Inizialmente insieme a Matà c’erano altri due indagati, che conoscevano la donna e che nel giorno del delitto sarebbero stati in zona. Fu proprio Matà a dire di aver  trovato il cadavere della madre che aveva accompagnata a fare visita, come ogni giorno, al marito Angelo e all'altro figlio di Maria Concetta Velardi,  Lorenzo, entrambi morti per i postumi di malattie incurabili. Il  corpo è stato trovato non distante dalla cappella di famiglia.

Matà avrebbe ucciso la madre al culmine di una lite nel cimitero. L'uomo avrebbe a lungo covato rancore nei suoi confronti perché la riteneva di ostacolo alla realizzazione di progetti di vita personale. L'avrebbe dapprima colpita più volte con un grosso mattone alla nuca. Per non essere visto ne avrebbe poi trascinato il corpo in un corridoio tra le cappelle e le avrebbe ripetutamente scagliato contro un grosso masso di pietra lavica. La donna sarebbe morta dopo 40/45 minuti di agonia.

Secondo la ricostruzione della polizia l'omicidio di Maria Concetta Velardi è avvenuto tra le 15.30 e le 15.45 e il figlio per quell'ora si sarebbe trovato nel cimitero. Testimoni inoltre hanno raccontato di aver sentito le urla di una lite. A compiere il delitto inoltre sarebbe stata una persona con una notevole forza fisica.

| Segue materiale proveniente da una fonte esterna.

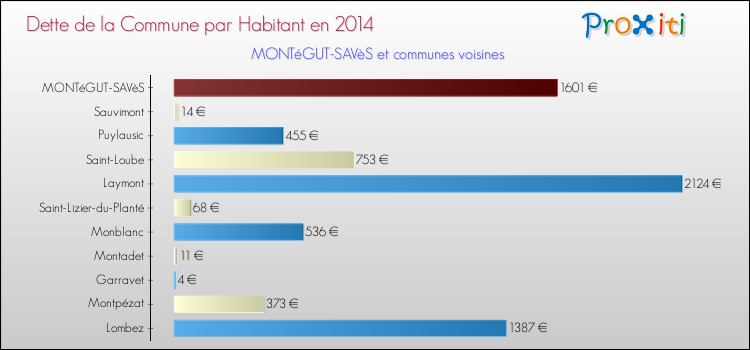 Dette par habitant de la commune en 2014 pour MONTéGUT-SAVèS et les communes proches Comparaison de la dette par habitant de la commune en 2014 pour MONTéGUT-SAVèS et les communes voisines
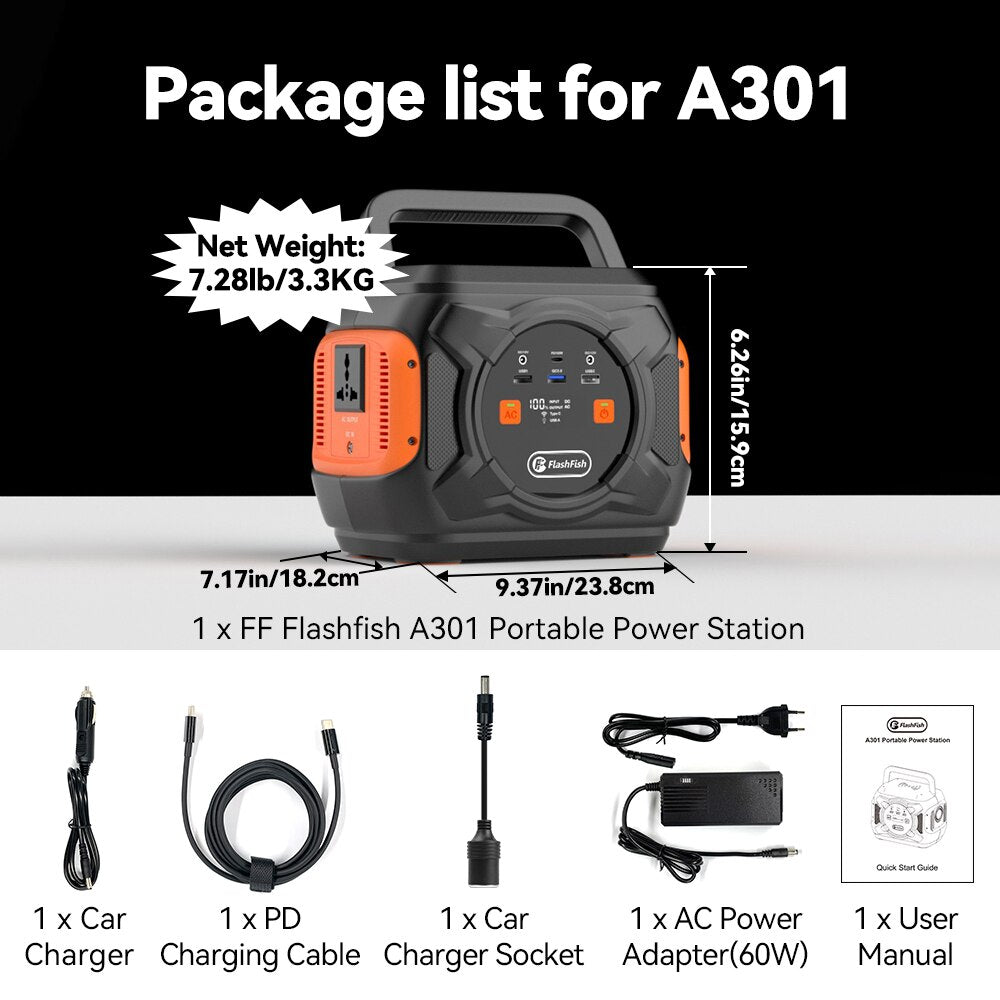 Package list for A301 Net Weight: 7.281b/3.3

Dopo aver ucciso la madre Matà avrebbe messo in piedi una messinscena per crearsi un alibi: avrebbe preso l'auto e fatto un giro passando, senza un motivo, da un meccanico e da un bar. Poi sarebbe ritornato ed avrebbe 'scoperto' il cadavere della madre. Matà inoltre, secondo quanto accertato, non lasciava mai sola la madre e le telefonava molto spesso, cosa che quel giorno non avrebbe fatto neanche una volta, hanno sottolineato gli investigatori, che hanno inoltre accertato da un controllo delle celle telefoniche che dopo l'omicidio l'uomo ha portato con sé il telefono cellulare della madre.

A dare l'allarme è stata una donna, alla quale l'uomo ha chiesto aiuto, che ha chiamato il 118 usando il telefono dell'uomo, sporco di sangue. Secondo quanto accertato dalla polizia scientifica di Palermo e Catania, la donna ha graffiato con la mano destra il figlio, fatto dimostrato sia dalla presenza di materiale genetico riconducibile a Matà sotto due unghie della mano destra della vittima, sia dalla presenza di sangue dell'indagato, misto a quello della madre, sugli abiti e sullo sportello dell'autovettura dell'uomo.

Sul dorso della donna sono state trovate ferite causate dal trascinamento del corpo. Sulla scena del delitto gli investigatori hanno trovato un centinaio di oggetti che hanno evidenziato la sola presenza, vicino alla cappella di famiglia, della donna e del figlio, oltre alle due grosse pietre usate per uccidere la donna, del peso rispettivamente di 23 e 18 chilogrammi. Inoltre sono state trovate tracce di sangue della donna vicino la maniglia della portiera posteriore destra dell'auto del figlio.